Monday, September 28, 2015

Travelling Hopefully - A Conclusion of Sorts

So I went to Africa, I saw a little of Kenya and Tanzania and a (very) little of how people in those countries live.  So what do I think of it generally?  I loved the trip, the place is beautiful and I can understand how people can fall in love with it and stay forever like my host in Mombasa.  I couldn't I'm afraid, I'm too soft and too pampered and too addicted to petty little luxuries like being able to drink from the tap when I'm thirsty.  Although if I could arrange the necessary comforts I might make an exception for Stone Town.

Impressions; Kenya is poor.  Tanzania is very poor.  Things don't work as well as they could or should.  Many of the things which in our western self indulgence we would call essentials are simply unavailable to the local population and they just have to do without.  The newspapers are full of corruption stories (although I personally only saw one instance when one of our drivers had to discreetly hand some cash to a traffic policeman) and on top of that Kenya has an ongoing security problem due to its involvement in the struggle against Al Shabaab up in Somalia and Tanzania has an education problem due to some idiot policy decisions made decades ago.

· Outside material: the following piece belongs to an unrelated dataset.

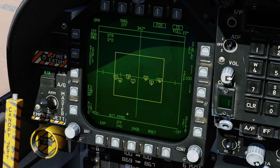The new functionality added is launch and steer interrogate, auto interrogate, IFF azimuth filter, and IFF range filter. By default, launch and steer interrogate is selected.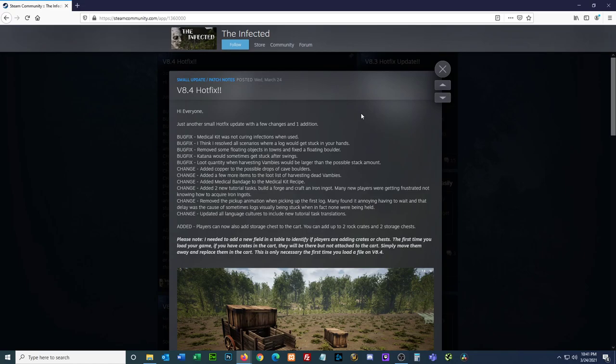I mean, there's lots of videos that kind of show you how that works. All right, removed the pickup animation when picking up the first log. Many found it annoying having to wait for, having to wait and that delay was a cause of sometimes logs visually being stuck when in fact none were being held. Hopefully that fixes that. Change. Updated all language cultures to include new tutorial task translations.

Still things are not all bad.  Technology and equipment might be shaky but if sheer muscle power and unremitting effort can make something work then it will work.  And if it doesn't work then something will be done.  I intended to travel by train from Mombasa to Nairobi.  That didn't work, the train broke down and couldn't be repaired within the timeframe I required.  Instead the train manager detailed one of the policemen I had noticed in the dining car the previous night to take me into Voi which is a bus terminal.  There he ensured that I got on the right bus to Nairobi and wasn't cheated on price.  I had called the guy who took me out to the National Museum when I stayed in Nairobi asking him to pick me up from the train station.  I called him back and asked him to pick me up from the bus station instead.  No problem.  A couple of hours later he called me back and suggested I ask the bus driver to drop me at one of Nairobi's outer suburbs where he would be waiting.  This would save two journeys through Nairobi traffic.  I spoke to the bus driver, no problem.  I got off the bus where my driver had been waiting for an hour to pick me up and made it to the airport with plenty of time to spare.  The train might not work but Kenya does.

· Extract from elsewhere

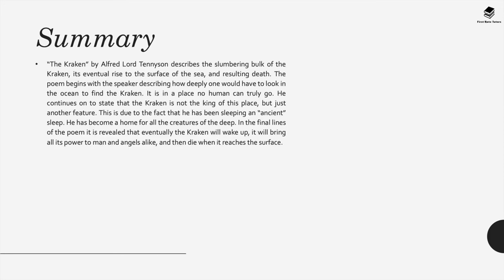Now the Kraken describes the slumbering bulk of this creature, its eventual rise to the surface of the sea resulting in death and it's a really apocalyptic image that's used within the poem. Now this poem begins with the speaker describing how deeply one would have to look in the ocean to find the Kraken.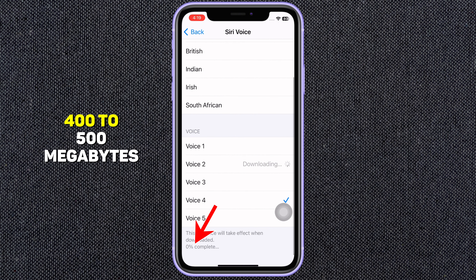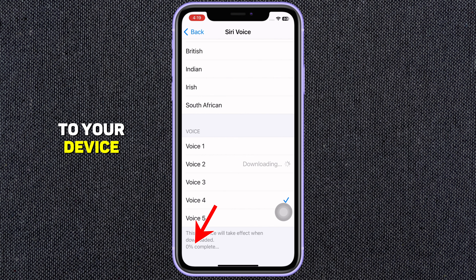Have you ever wanted to change Siri's voice on your iPhone? Let's dive into how you can do it on any iPhone.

I find it a little irritating when people expound on the mess that is Africa.  We have had thousands of years to get our own countries to their current standard of semi acceptability.  Africa decolonised about sixty years ago leaving behind a legacy of borders in the wrong place, tribal hostilities accentuated (and sometimes deliberately stoked) by this or that colonial power and also a glimpse of a new possible world without any very clear signpost as to how to get there.  Check back with me in three of four centuries and we'll see how Africa is doing then.  What I do know is that the human material it has to work with is as impressive as any on the planet.